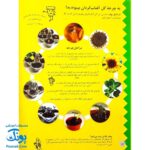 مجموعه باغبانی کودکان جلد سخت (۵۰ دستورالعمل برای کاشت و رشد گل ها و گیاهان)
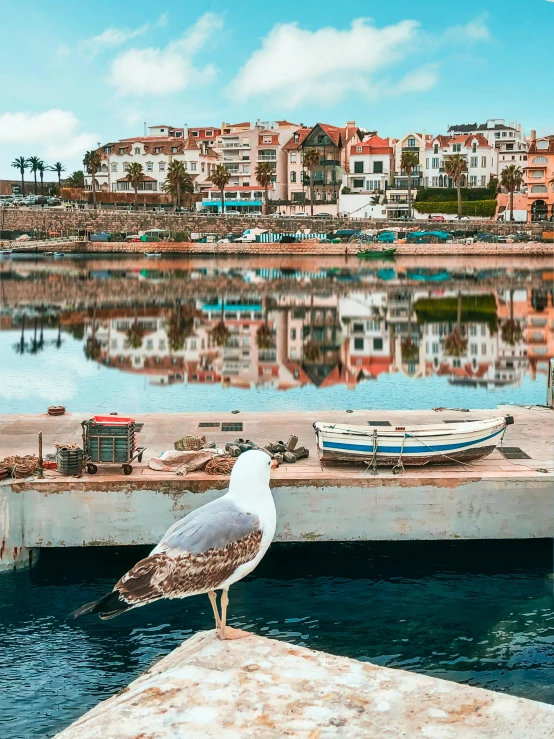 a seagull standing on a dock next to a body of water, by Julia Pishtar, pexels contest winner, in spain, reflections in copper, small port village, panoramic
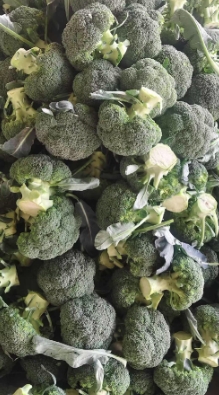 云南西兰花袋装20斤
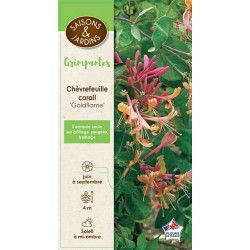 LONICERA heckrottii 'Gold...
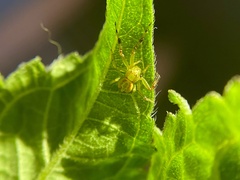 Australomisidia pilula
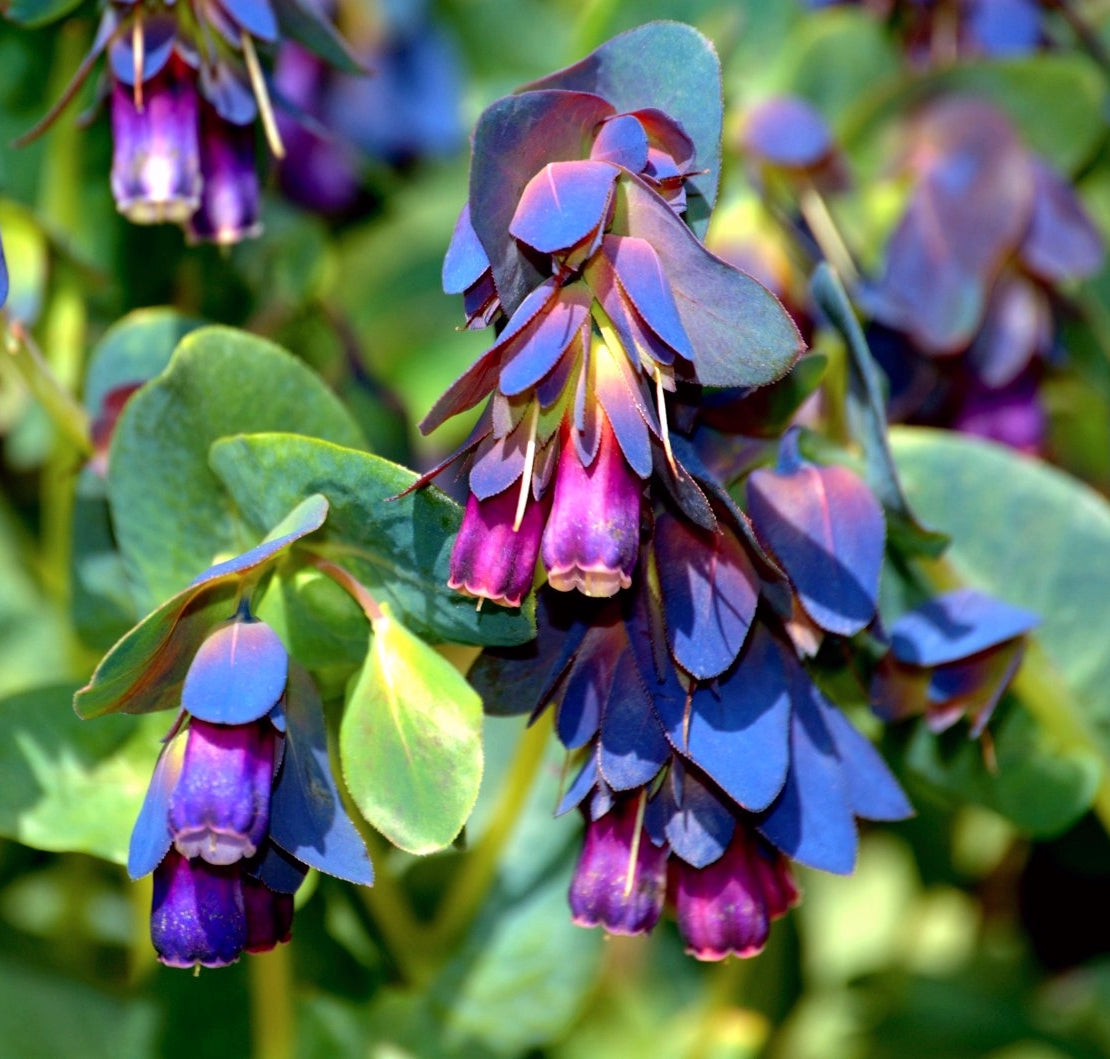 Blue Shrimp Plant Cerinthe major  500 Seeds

* * *

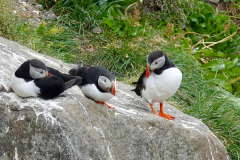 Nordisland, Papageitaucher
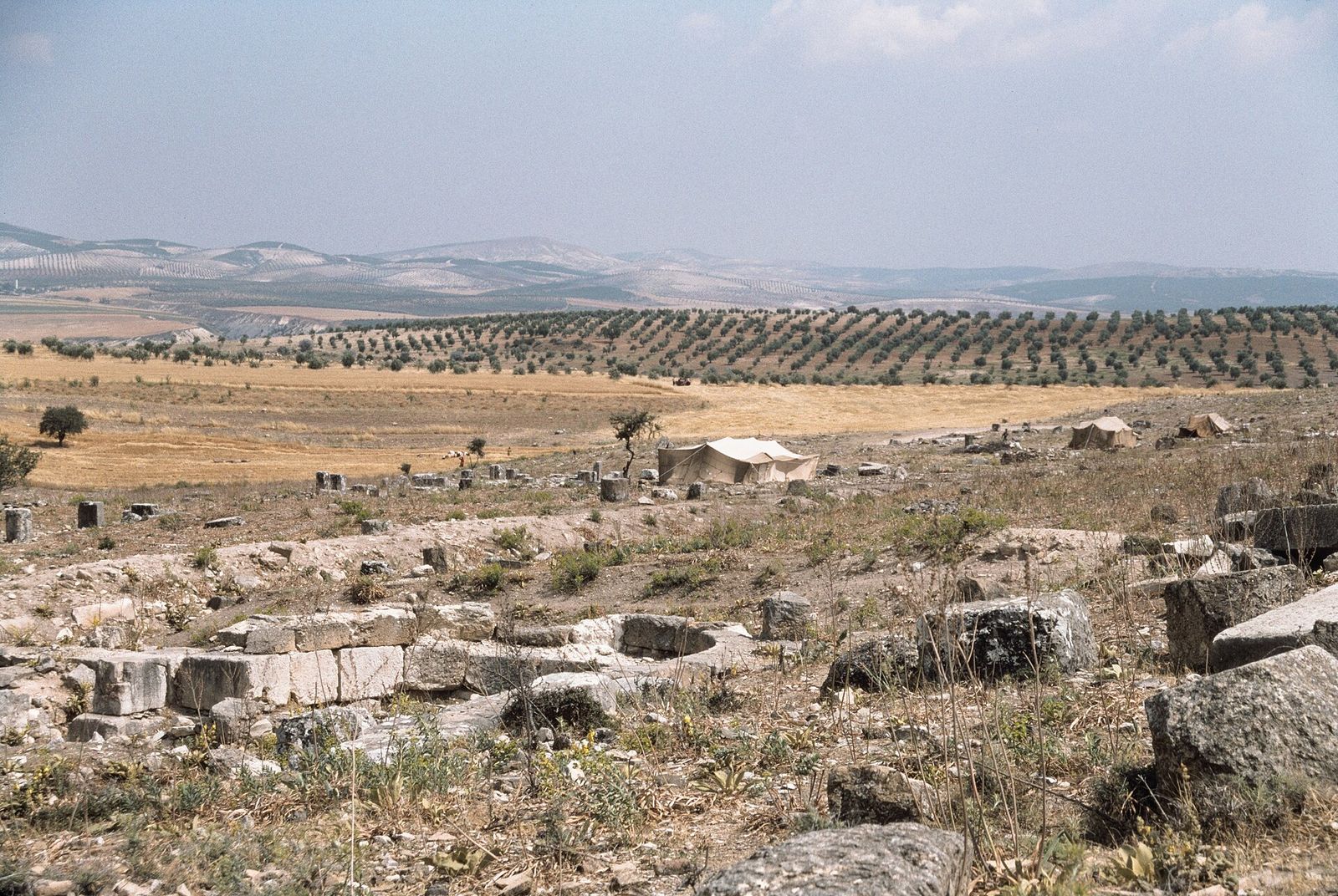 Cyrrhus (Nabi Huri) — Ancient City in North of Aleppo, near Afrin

The task: The response must repeat exactly the lines above from the one with "مجموعه باغبانی کودکان" through the one with "Blue Shrimp Plant", including both, and must contain no pictures and no other text.

Solution for this problem:
 مجموعه باغبانی کودکان جلد سخت (۵۰ دستورالعمل برای کاشت و رشد گل ها و گیاهان)
 a seagull standing on a dock next to a body of water, by Julia Pishtar, pexels contest winner, in spain, reflections in copper, small port village, panoramic
 云南西兰花袋装20斤
 LONICERA heckrottii 'Gold...
 Australomisidia pilula
 Blue Shrimp Plant Cerinthe major  500 Seeds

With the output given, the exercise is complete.